Some serializers serialize to strings, others – to the byte arrays. I used a string as a denominator. The base64 format is used to convert byte arrays to strings. I know, it is not fair, because in many cases we use only a byte array to serialize, not a string. UTF-8 also could be more compact format.
Test Results
Again, do not take test results too seriously. I have some numbers, but this project is not the right place to get conclusions about serializer performance. You have to take this code and run it on your specific data on your specific workflows.
Here is a test result for the 100 repetitions. This number of repetitions shows stable results.
There is no such thing as the “best serializer”. If you invest time in optimizing code, the loser will be winner. If you change the test data, the winner would not be winner anymore. So I will mark serializer as a “winner” if it shows significant leadership in numbers, not just 1-3%.
There are several winners in each category.
Compression
This category important if you need smallest data size (on wire, in store…). Look at the Size: Avg measurement. All winners in this category use proprietary unreadable formats.
Winners are:
- Solar.Bois
- Avro
- Solar.Bois
- MsgPack
- MessageSharkSerializer
- NetSerializer
- Bond
- ProtoBuf
Notes:
- All Json serializers create strings with almost the same size.
- You can see the output serialized strings. They written to the trace output, so use DebugViw to see them.
- Many Json serializers do not work well with DateTime format out-of-box. Only NetSerializer and Json.Net take care of DateTime format without additional customization.
Speed on Single Run
This category important, if you only need make a single serialization/deserialization. Look at the Max measurement.
Winners are:
- Microsoft NetDataContract (surprise)
- Json.Net
- Microsoft Binary
Notes:
- Avro, Bond, and NetSerializer also show good results.

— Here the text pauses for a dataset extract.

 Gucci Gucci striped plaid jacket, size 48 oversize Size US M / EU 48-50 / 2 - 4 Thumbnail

- Jil shows the worst result but, again, it means nothing.
- Serializers show biggest incoherence in this category.
Speed on the Large Scale
This category important, if you need many serialization/deserialization acts on the same objects. Look at the Min and Avg:-90% measurements.
Winners are:
- NetJSON
- Bond
- MessageSharkSerializer
- NetSerializer
- Jil
- Avro
- ProtoBuf
- Solar.Bois
Notes:
- MsgPack and BondJson also show good results.
Speed on Several Cycles
Winners are:
- Avro
- Bond
- NetSerializer
- Json.Net
This category important, if you need several serialization/deserialization acts on the same objects. Look at the Avg:-100% measurement. It is a mix of slowest and fastest times. As you can see, MessageShark, Jil and ProtoBuf not in leaders anymore because of the suboptimal initialization. But Json.Net now is a leader because of good initialization time on our test data.
Notes:
- The classic Json.Net serializer used in two Json.Net (Helper) and Json.Net (Stream) tests. Tests show the difference between using the streams and the serializer helper classes. Helper classes could seriously decrease performance. Therefore, streams are the good way to keep up to the fast speed without too much hassle.

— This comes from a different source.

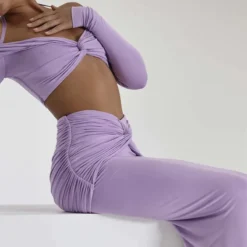 Fall Women Off Shoulder Halter Neck Long Sleeve Knot Crop Top+ Maxi Dress Two Piece -Deals Toggenix Store fe90cf5d76b15c3b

- The first call to serializer initializes the serializer, that is why it might take thousand times faster to the following calls.
- For Microsoft Avro my simple serialization interface is patched. For some reason it is not possible to pass generic T type into it. Type was hardcoded. Because of this hack, Avro makes tests faster.

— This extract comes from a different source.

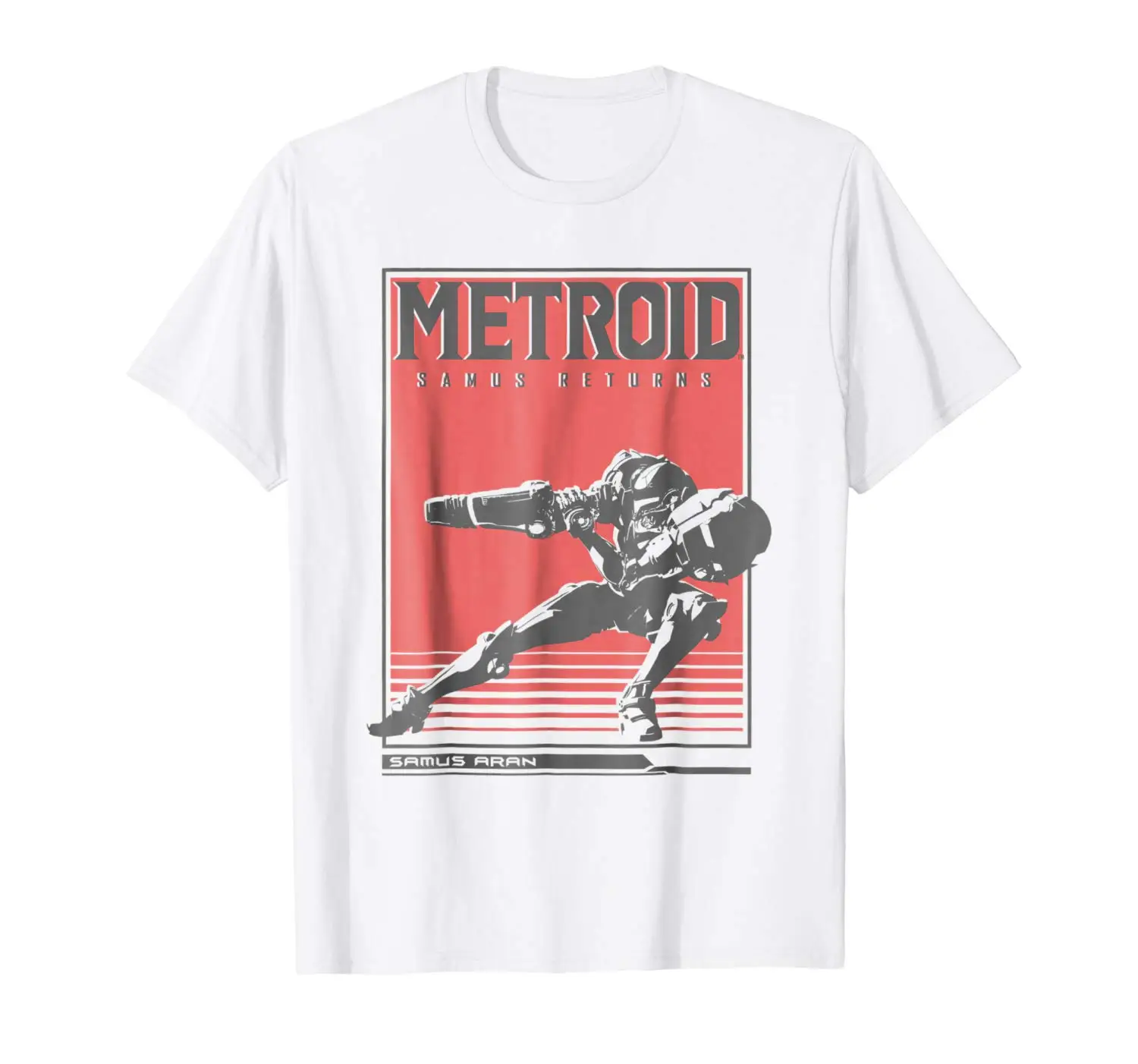2019 модная мужская футболка Metroid Samus Returns боковая поза графическая | Мужская одежда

- Json and Binary formats bring not too much difference in compacting the serialized strings.
- Serialization of the classes with explicit constructors usually has negative impact on the serialization speed. That’s why test class (Person) creation is implemented not by constructor but by a method.
- Many serializers do not work well with Json DateTime format out-of-box. Only NetSerializer and Json.Net take care of DateTime format without special treatment.
- Test prints the test results on the console. It also traces the errors and the serialized strings, which can be seen in DebugView for example.
- The Apolyton.Json and HaveBoxJSON serializers failed in tests, that why we see zeroes in several measurements.